Aber:optisch schon geil!

mfg lunar19


----------



## meratheus (9. Juli 2011)

*AW: GTX 570+EKL Alpenföhn Peter+Thermalright G2+Grundplatte*

Danke lunar19 

Notwendig ist sie schon, wenn man seine VGA mit Spannungsanhebeung übertakten möchte und gleichzeitig eine weit aus leisere und leistungsstärkere Kühlungslösung sucht.
Passiv gekühlt wird zur Zeit nur der Thermalright G2. Dieser wird aber bald durch 1x80mm BeQuiet SilentWing UCS 80x80 aktiv gekühlt. Der Peter wird von 2x120mm BeQuiet SilentWing UCS aktiv gekühlt.

MfG Meratheus


----------



## _chris_ (9. Juli 2011)

*AW: GTX 570+EKL Alpenföhn Peter+Thermalright G2+Grundplatte*

Sieht echt klasse aus , wenn du mal die Temps getestet hast dann poste sie bitte mal hier .


----------



## meratheus (9. Juli 2011)

*AW: GTX 570+EKL Alpenföhn Peter+Thermalright G2+Grundplatte*

Danke Chris

Bei 25 Grad Celcius Umgebungstemperatur und einer Lüfterdrehzahl von 2x1500rpm wird die GPU (GPU900MHz/Shader1800MHz/1.1V VID) 64 Grad Celcius warm.
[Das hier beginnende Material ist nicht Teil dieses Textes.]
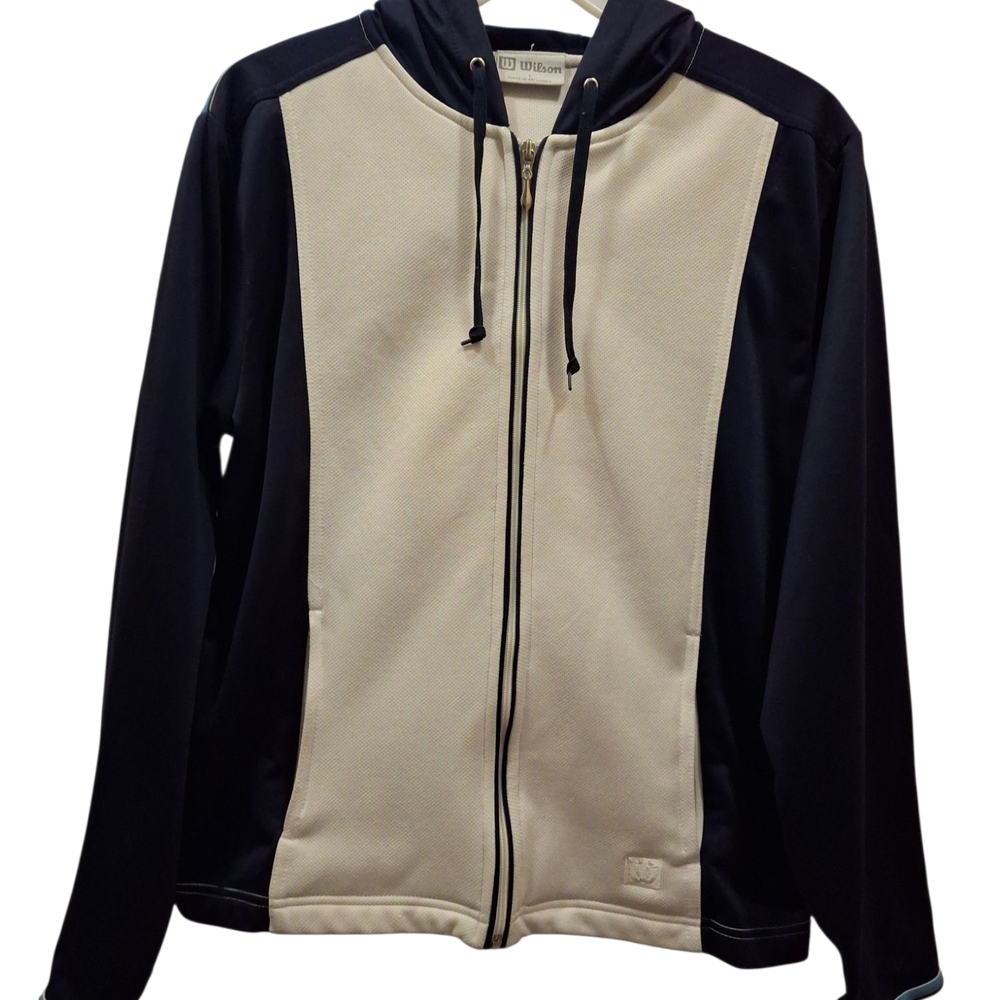 "Wilson" Womens Sz.L Navy and White Track Jacket. 100% polyester.Like new cond.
Die Spawas heizen sich auf 84 Grad Celcius bei passiver Kühlung des G2 auf (gemessen PCB-Rückseite mit IF-Thermometer).
Die Temperaturwerte mit aktiv gekühlten G2 folgen Ende nächster Woche. 

MfG Meratheus


----------



## _chris_ (9. Juli 2011)

*AW: GTX 570+EKL Alpenföhn Peter+Thermalright G2+Grundplatte*

Weist du wie hoch deine Casetemp ist?


----------



## meratheus (9. Juli 2011)

*AW: GTX 570+EKL Alpenföhn Peter+Thermalright G2+Grundplatte*

Zu dem Zeitpunkt pendelte sie zwischen 27 und 28 Grad Celcius laut NesteQ MaxZero. Die Temperatursensoren befinden sich im 5.25" Rahmen unter meiner ODD.


----------



## _chris_ (9. Juli 2011)

*AW: GTX 570+EKL Alpenföhn Peter+Thermalright G2+Grundplatte*

Die GPU Temp ist echt gut, und das mit den Spawas wird auch wenn sie endlich aktiv gekühlt werden. Du könntest noch ein bisschen Undervolten, vllt. geht da noch was .


----------



## meratheus (9. Juli 2011)

*AW: GTX 570+EKL Alpenföhn Peter+Thermalright G2+Grundplatte*

Könnte ich, doch dann erreiche ich keine 900MHz GPU Clock mit dem GPUTool fehlerfrei. Bei 1.1V VID sind max. 913MHz GPU Clock bei meiner VGA möglich. Die 13MHz sind ein kleiner Puffer


----------



## _chris_ (9. Juli 2011)

*AW: GTX 570+EKL Alpenföhn Peter+Thermalright G2+Grundplatte*

Achso ok, naja trotzdem gut . Die GPU Temp ist ja weit im grünen Bereich . Saubere Arbeit


----------



## hulkhardy1 (9. Juli 2011)

*AW: GTX 570+EKL Alpenföhn Peter+Thermalright G2+Grundplatte*

Ich schätze mal das die G2 Temperaturen um 10-15 grad fallen mit aktiver Kühlung. Ich hab ja mein G2 aktiv gekühlt mit einem 80mm Lüfter aber leider kein Thermometer!


----------



## meratheus (9. Juli 2011)

*AW: GTX 570+EKL Alpenföhn Peter+Thermalright G2+Grundplatte*

Kein Problem. Wenn nächste Woche der Lüfter angekommen ist, plotte ich die Werte hier. Im Ref.Design hatte ich bei 1.1V 900MHz 65 Grad Celcius an der PCB-Rückseite gemessen.


----------



## Dyn@moFan (10. Juli 2011)

*AW: GTX 570+EKL Alpenföhn Peter+Thermalright G2+Grundplatte*

Sehr schickes Teil, zur Zeit in dem Paket wahrscheinlich die beste Luftkühlung die man bekommen kann. Sehr nett


----------



## meratheus (10. Juli 2011)

*AW: GTX 570+EKL Alpenföhn Peter+Thermalright G2+Grundplatte*

Danke, danke 

Ich denke der Shaman von Thermalright ist mit dem Peter gleich auf. Ansonsten gibt es z.Zt. scheinbar nicht vergleichbares für die Luftkühlung.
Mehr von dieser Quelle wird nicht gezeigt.